Brief –
For the material that follows, return exactly the lines from the one with "Mercedes 450 SL" through the one with "Additional image 14", both ends included.

Supplied data –

───

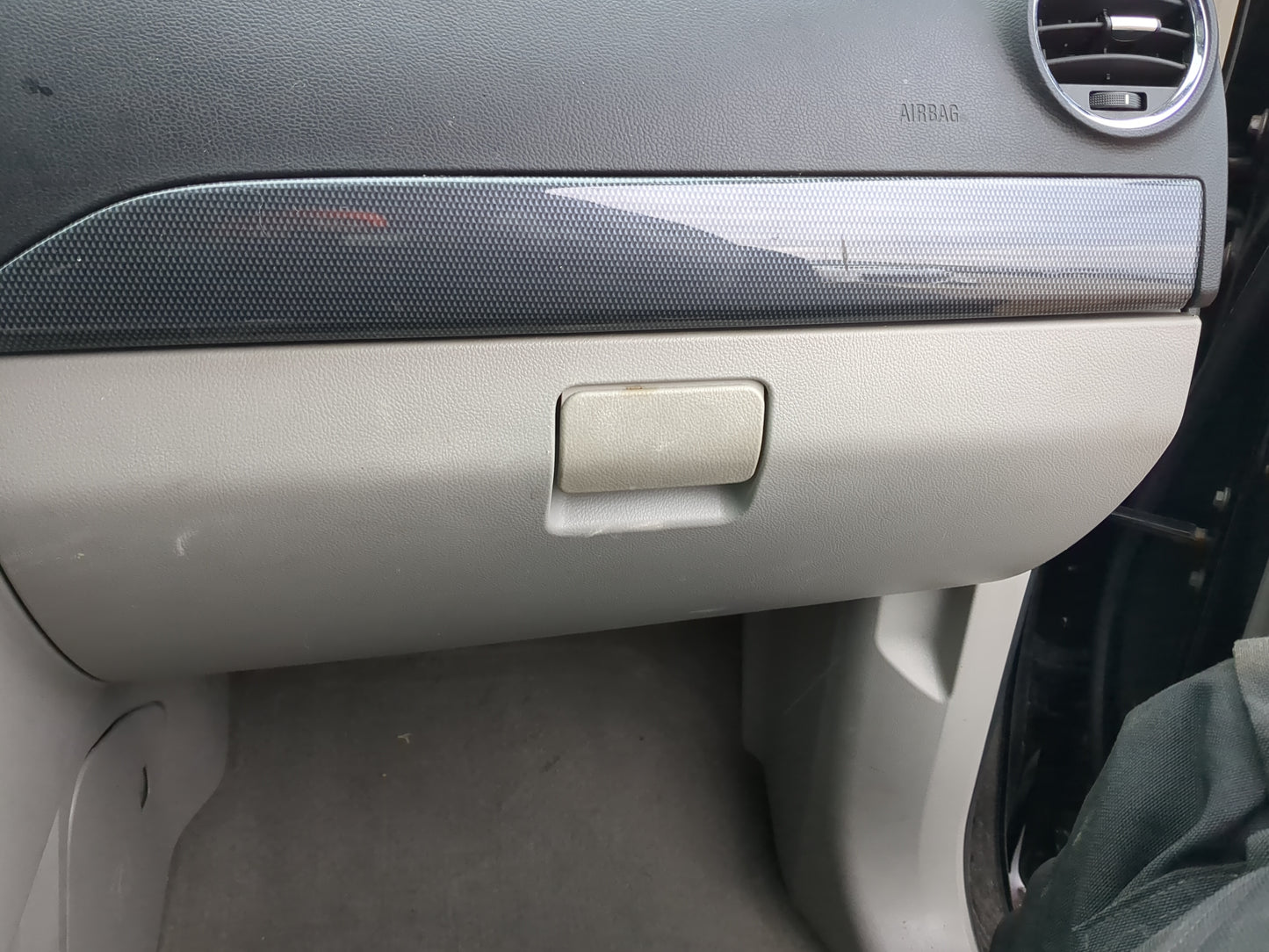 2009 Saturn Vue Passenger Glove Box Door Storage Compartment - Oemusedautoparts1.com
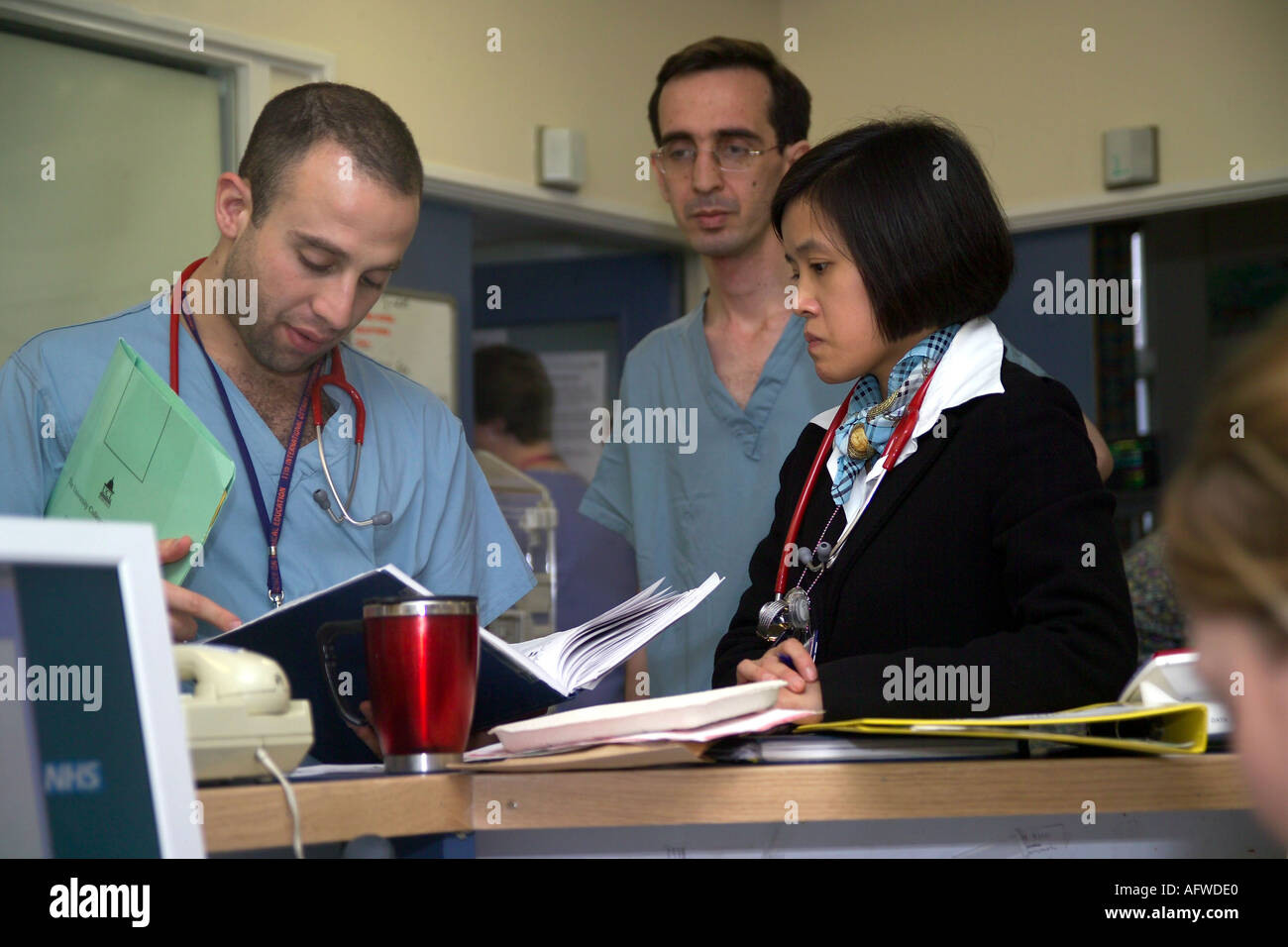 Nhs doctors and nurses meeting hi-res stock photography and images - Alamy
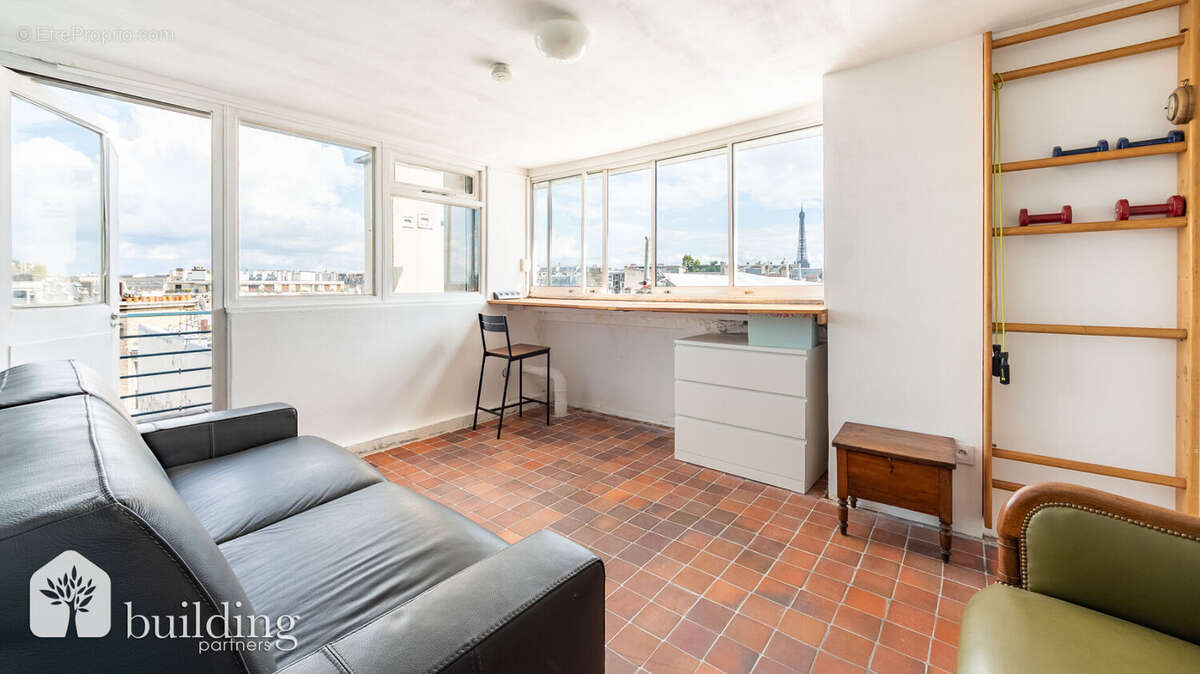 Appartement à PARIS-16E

───

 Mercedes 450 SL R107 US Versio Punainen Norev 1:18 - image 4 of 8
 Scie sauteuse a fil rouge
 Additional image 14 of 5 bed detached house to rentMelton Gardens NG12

───

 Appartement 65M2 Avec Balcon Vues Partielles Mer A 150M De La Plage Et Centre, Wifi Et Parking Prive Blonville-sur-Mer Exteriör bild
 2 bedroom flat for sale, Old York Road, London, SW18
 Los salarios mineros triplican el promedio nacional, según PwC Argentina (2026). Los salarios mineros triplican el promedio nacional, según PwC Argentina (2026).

───

Output for this task –
 Mercedes 450 SL R107 US Versio Punainen Norev 1:18 - image 4 of 8
 Scie sauteuse a fil rouge
 Additional image 14 of 5 bed detached house to rentMelton Gardens NG12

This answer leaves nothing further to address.